Stop bringing these fucking whores home with you. If I have to fight over the remote with a bleach blonde idiot wanting to watch the hills reruns one more time I'm pissing in your shampoo.
everyone who works at gamestop is basically destined to live with their parents for the rest of their lives... so i said no.
Well the light went out so I was throwing up by candle light. Strange moment in my life.
Reason #1 for no sex outdoors: Mosquito bites. Awkward, awkward mosquito bites.
Climbing onto the roof in a dress and high heeled boots was probably not the best idea, especially after all that Bacardi.

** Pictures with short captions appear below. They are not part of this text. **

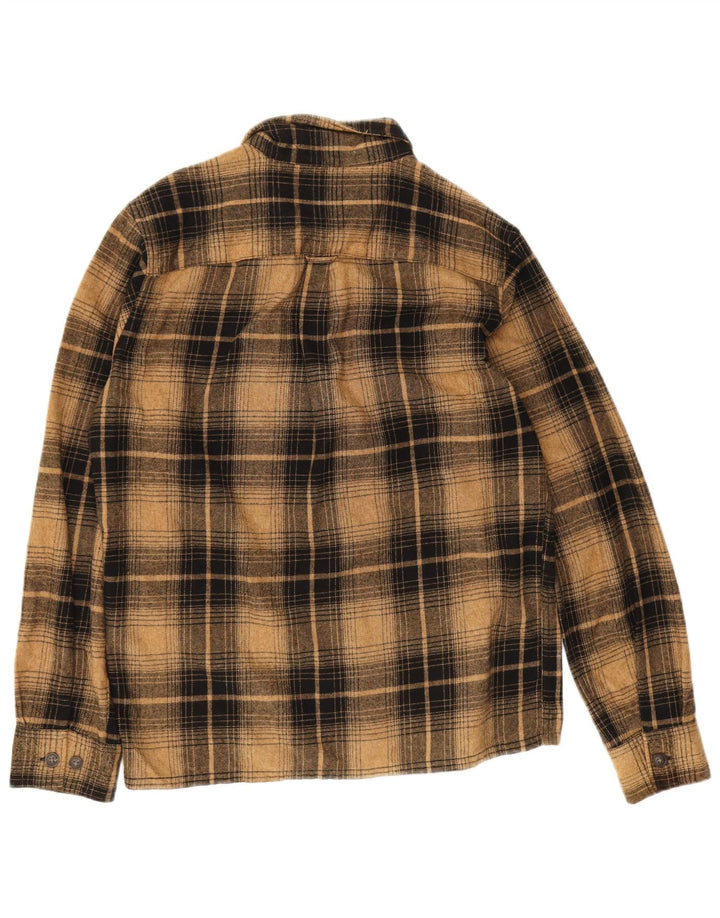 Koszula flanelowa męska Jack & Jones, bawełniana w brązową kratkę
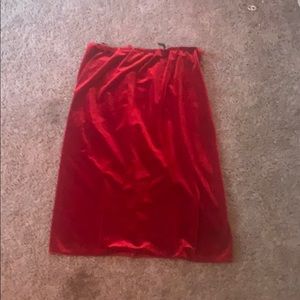Red skirt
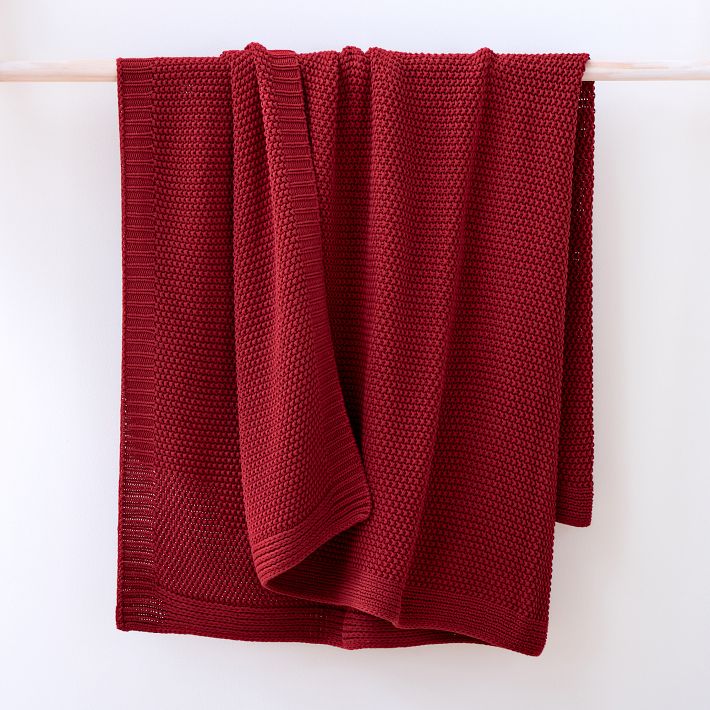 Cotton Knit Throws - Clearance | West Elm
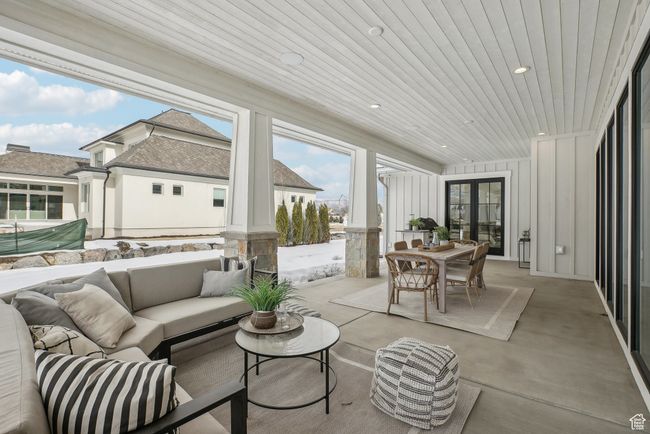 Sunroom with wood ceiling | Image 18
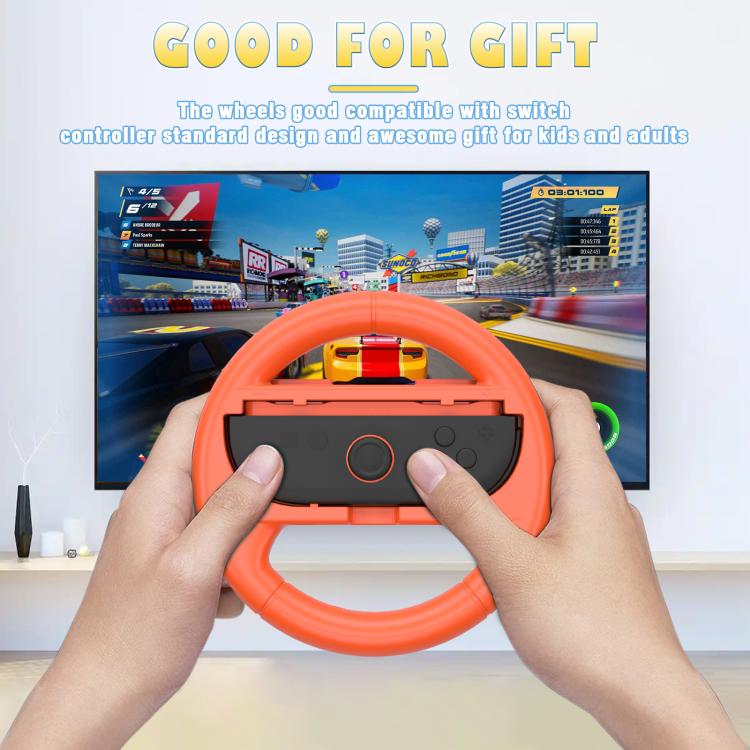 2pcs /Pack Steering Wheel Grip for Nintendo Switch 2/Switch Joy-Con Controllers(Black) - Others by buy2fix | Online Shopping UK | buy2fix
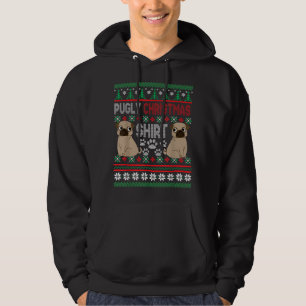 Pugly Mops Dog Ugly Weihnachts Weihnachtslieder Mo Hoodie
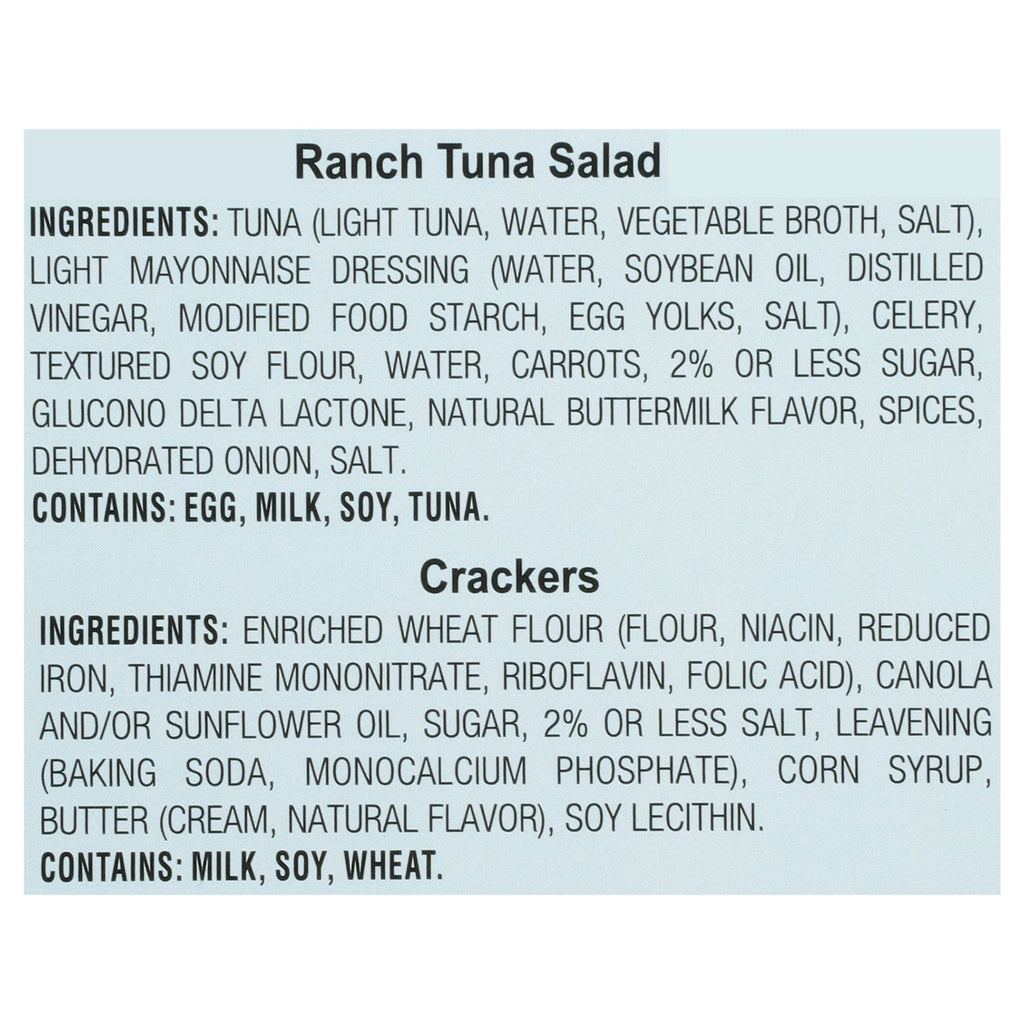 Brunswick Naturally Flavored Ranch Tuna Salad With Crackers, 1-ct.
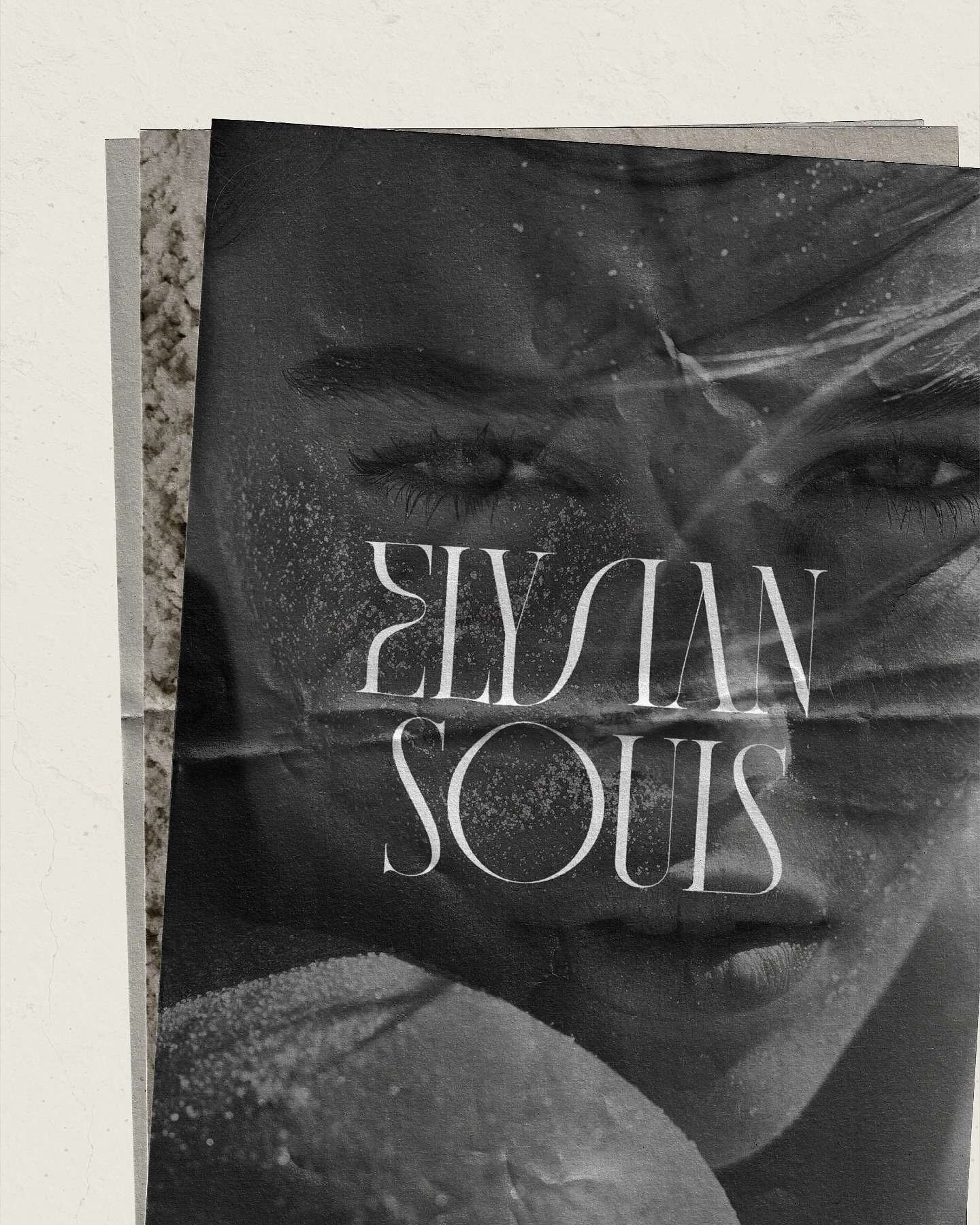 3/3 ELYSIAN SOULS: Self-care essentials designed to empower. The brands custom serif typeface embodies its high-end nature, with flowing letter connections that reflect fluidity and the connection between self-care and self-expression.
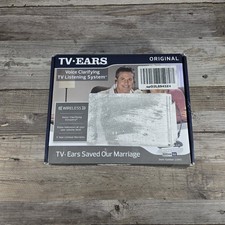 TV Ears Wireless Black Version 5.0 Voice Clarifying Listening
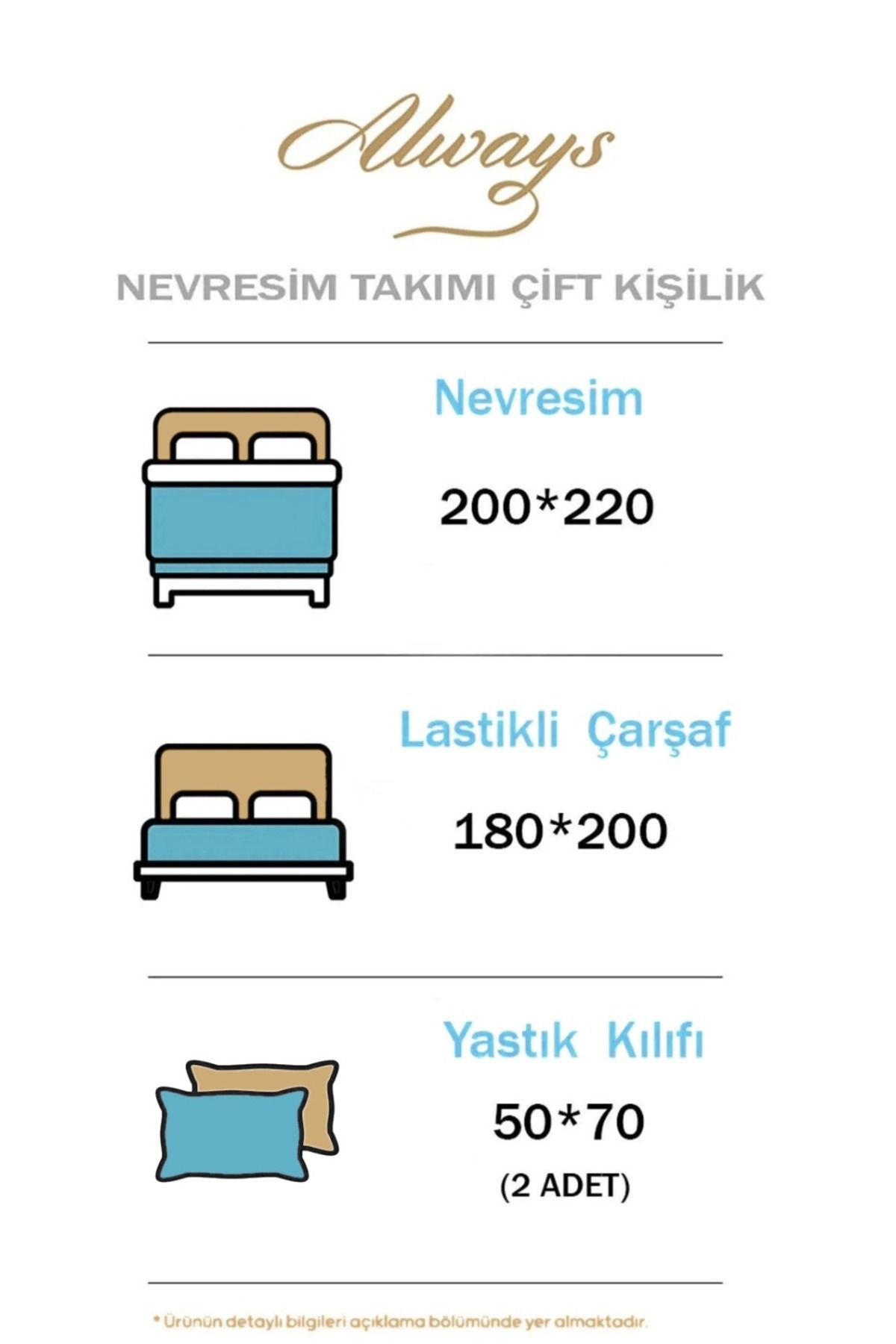 Çarşafı Lastikli Çift Taraflı Çift Kişilik Nevresim Takımı Fulya Gri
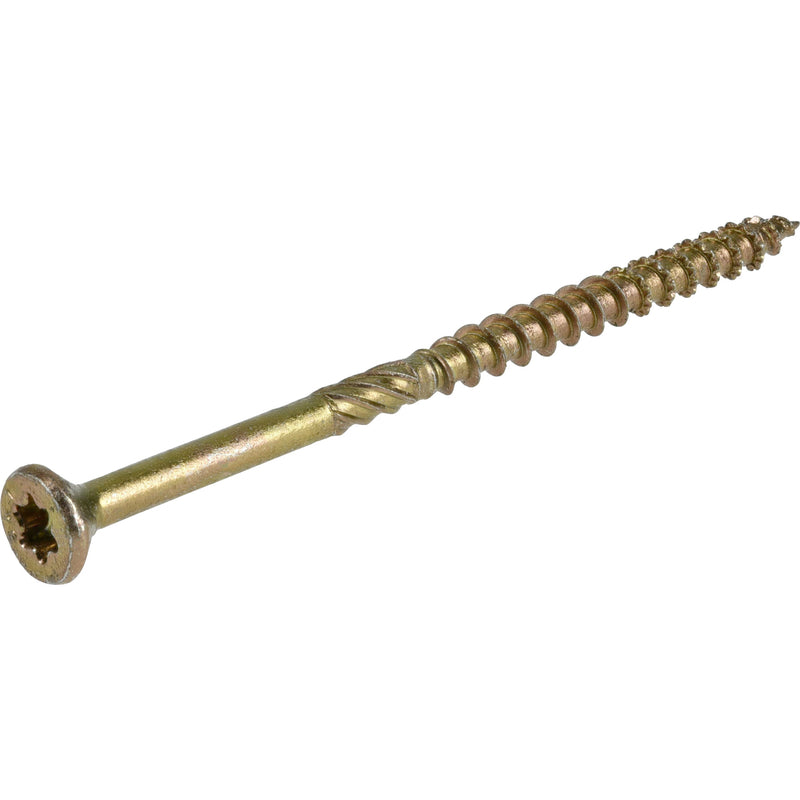 HILLMAN - Hillman Power Pro No. 9 X 3 in. L Star Yellow Zinc Wood Screws 1 lb 83 pk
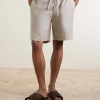 Traveler Straight-Leg Linen Shorts - FR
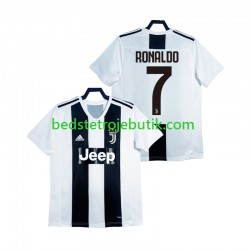 Juventus Cristiano Ronaldo 2018 2019 Retro Mænd Hjemmebane Fodboldtrøje Kortærmet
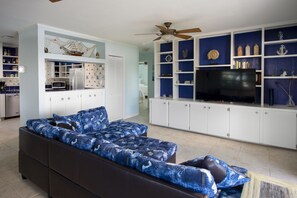 Smart TV, books, offices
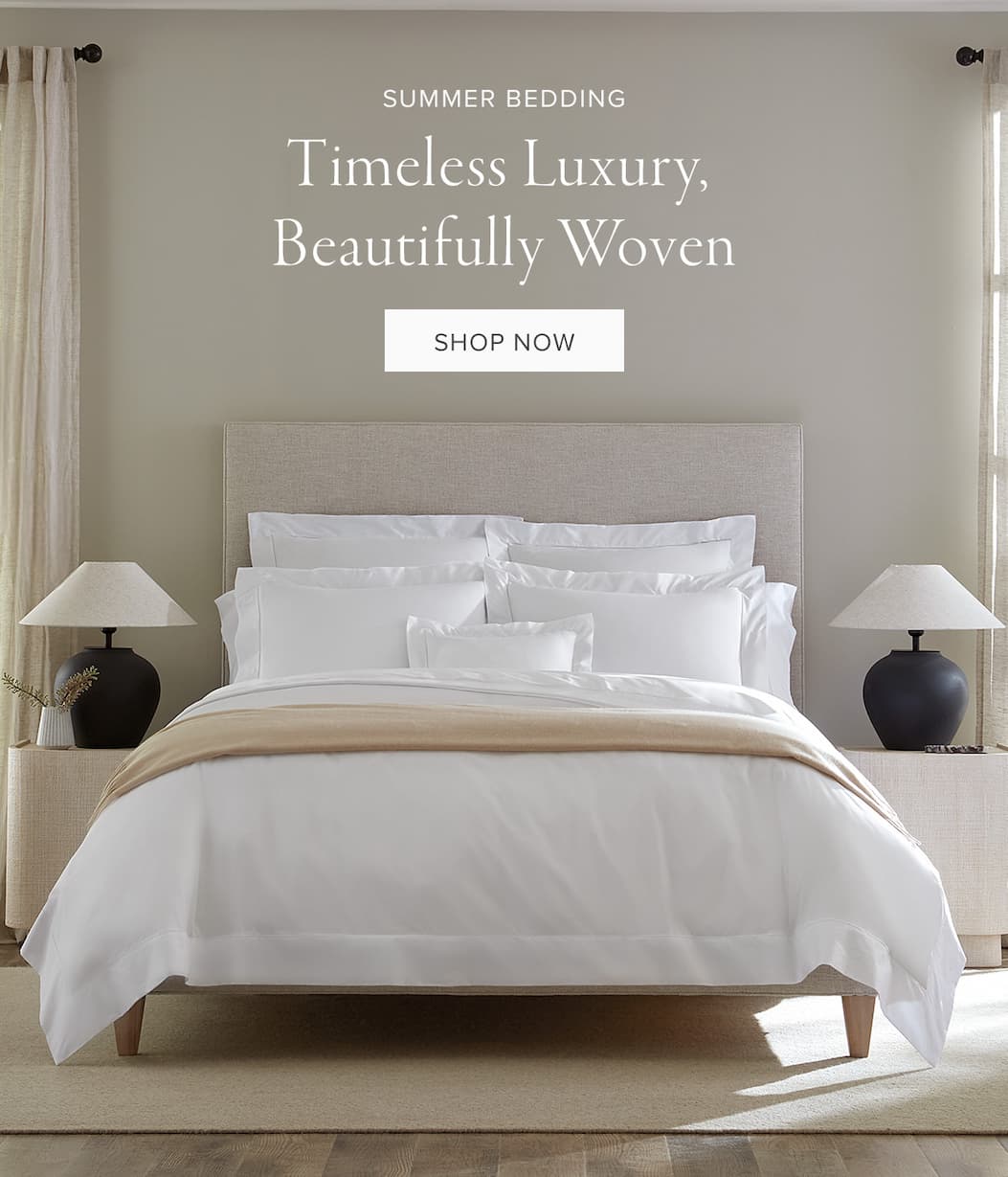 White Summer Bedding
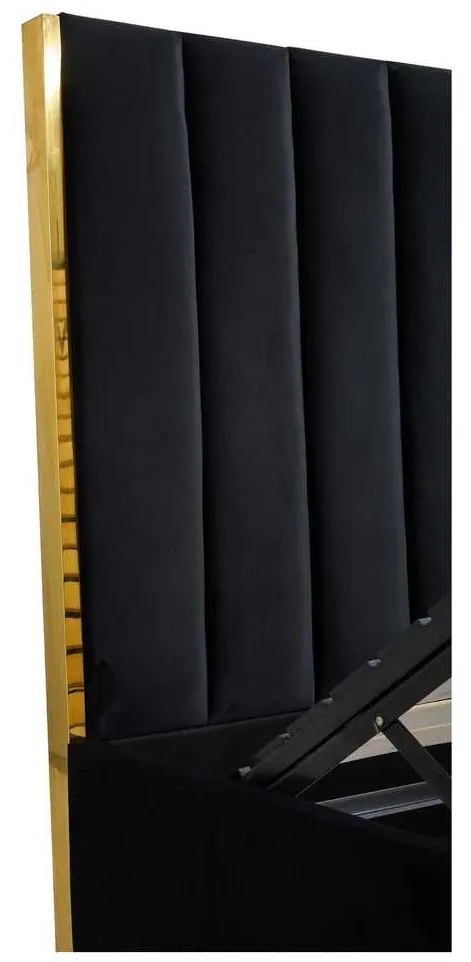 Ariella ágy 160 x 200 cm, fekete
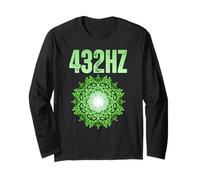 432HZ Natural Tuning Sacred Tone Holy Frequency Healing Tune Long Sleeve T-Shirt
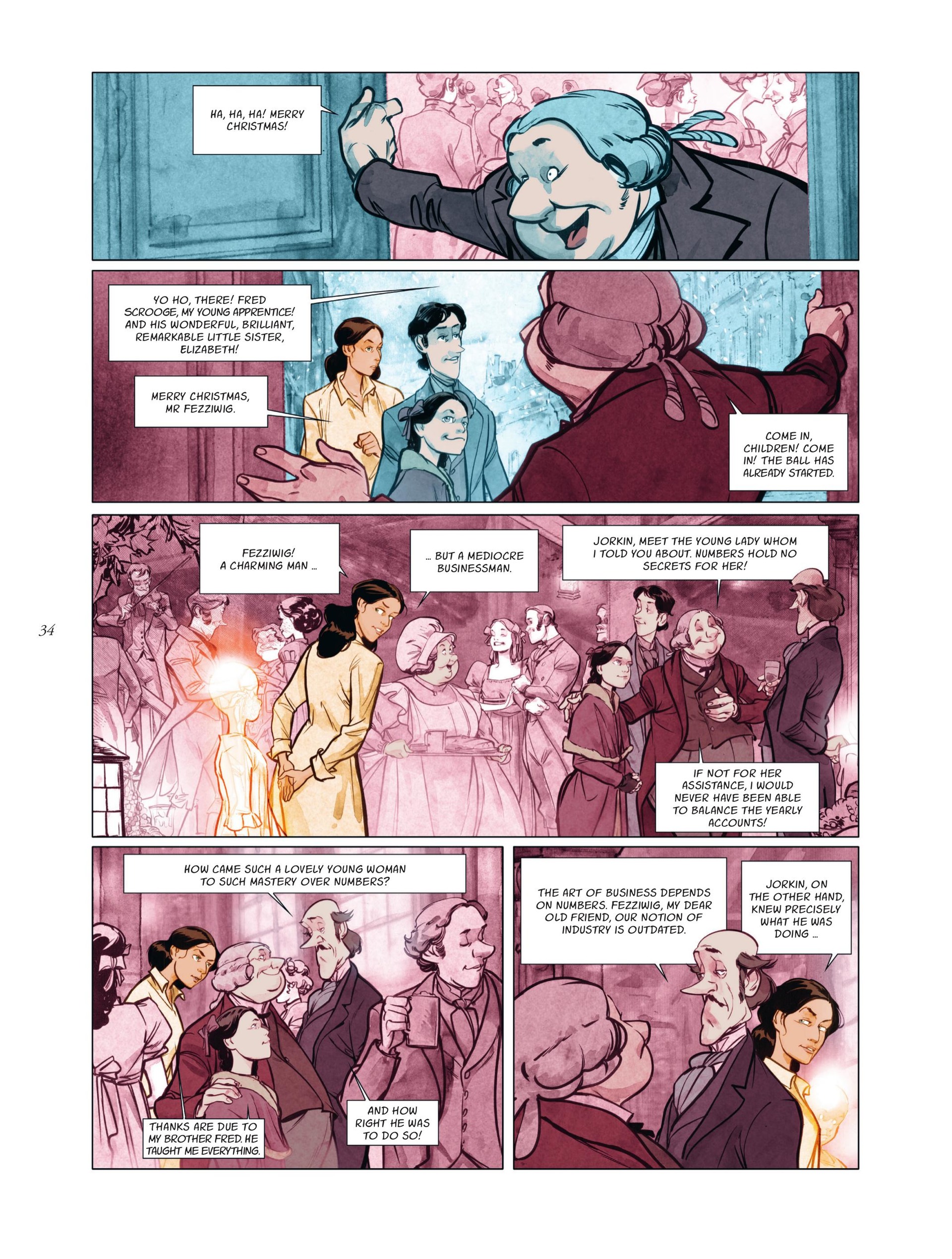 Read online A Christmas Carol: A Ghost Story comic -  Issue # Full - 36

Blowjobs in the shower are a lot like blowjobs not in the shower. Awesome.
gross. I think i'll just donate all my eggs. My children will be incredible, but they're not welcome in my womb
I never thought I'd say this, but there is a life threatening amount of rumpleminz in our freezer
Postcard from jail please. Reserving a spot on my fridge.
Went to the wedding reception, and he left with ALL of the brides maids phone numbers. I don't know how he does it either.
But he was wearing a glow-in-the-dark condom. It was like a glowing rod of kryptonite. I can't resist that, kryptonite is my weakness.
I've fucked 6 of my brothers' friends. I'm completely fine with him fucking the girl we ate lunch with.
Oh god I just realized bird face had che Guevara tattooed on her upper arm. Deals off, readivised opinion
Hey, dude, is Kevin still passed out on your porch?
Yeah. I'm gonna go leave a pitcher of bloody mary next to him in case he's still alive.